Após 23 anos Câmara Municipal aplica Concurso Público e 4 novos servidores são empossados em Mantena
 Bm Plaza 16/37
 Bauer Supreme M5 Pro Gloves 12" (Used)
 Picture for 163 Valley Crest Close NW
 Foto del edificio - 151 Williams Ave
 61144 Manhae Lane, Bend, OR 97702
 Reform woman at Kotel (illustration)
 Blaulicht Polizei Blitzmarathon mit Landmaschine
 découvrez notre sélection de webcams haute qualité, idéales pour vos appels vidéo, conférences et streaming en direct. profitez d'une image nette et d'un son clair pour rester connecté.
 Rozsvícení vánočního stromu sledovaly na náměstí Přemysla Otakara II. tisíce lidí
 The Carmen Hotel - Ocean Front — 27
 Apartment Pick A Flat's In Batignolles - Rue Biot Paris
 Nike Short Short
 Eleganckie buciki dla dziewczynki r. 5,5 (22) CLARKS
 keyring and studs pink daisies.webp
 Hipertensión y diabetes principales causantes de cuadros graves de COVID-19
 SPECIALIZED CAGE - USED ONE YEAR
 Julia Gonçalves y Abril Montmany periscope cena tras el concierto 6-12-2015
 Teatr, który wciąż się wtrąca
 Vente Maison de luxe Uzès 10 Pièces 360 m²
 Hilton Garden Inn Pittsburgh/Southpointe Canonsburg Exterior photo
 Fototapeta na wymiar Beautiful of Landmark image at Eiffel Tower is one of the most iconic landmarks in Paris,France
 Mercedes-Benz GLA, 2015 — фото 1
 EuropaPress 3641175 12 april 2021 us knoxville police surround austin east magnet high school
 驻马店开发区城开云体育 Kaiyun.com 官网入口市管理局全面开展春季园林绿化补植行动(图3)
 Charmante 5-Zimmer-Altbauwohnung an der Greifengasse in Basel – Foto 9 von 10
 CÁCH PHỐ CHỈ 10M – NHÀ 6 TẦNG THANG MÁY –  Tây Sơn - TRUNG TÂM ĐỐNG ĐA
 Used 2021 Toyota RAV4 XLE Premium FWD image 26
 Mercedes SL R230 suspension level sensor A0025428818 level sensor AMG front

_____

> YOUR GOAL:
Could you reproduce the lines above, from the one that holds "Julia Gonçalves y" through the last, exactly as they stand?

> YOUR RESPONSE:
 Julia Gonçalves y Abril Montmany periscope cena tras el concierto 6-12-2015
 Teatr, który wciąż się wtrąca
 Vente Maison de luxe Uzès 10 Pièces 360 m²
 Hilton Garden Inn Pittsburgh/Southpointe Canonsburg Exterior photo
 Fototapeta na wymiar Beautiful of Landmark image at Eiffel Tower is one of the most iconic landmarks in Paris,France
 Mercedes-Benz GLA, 2015 — фото 1
 EuropaPress 3641175 12 april 2021 us knoxville police surround austin east magnet high school
 驻马店开发区城开云体育 Kaiyun.com 官网入口市管理局全面开展春季园林绿化补植行动(图3)
 Charmante 5-Zimmer-Altbauwohnung an der Greifengasse in Basel – Foto 9 von 10
 CÁCH PHỐ CHỈ 10M – NHÀ 6 TẦNG THANG MÁY –  Tây Sơn - TRUNG TÂM ĐỐNG ĐA
 Used 2021 Toyota RAV4 XLE Premium FWD image 26
 Mercedes SL R230 suspension level sensor A0025428818 level sensor AMG front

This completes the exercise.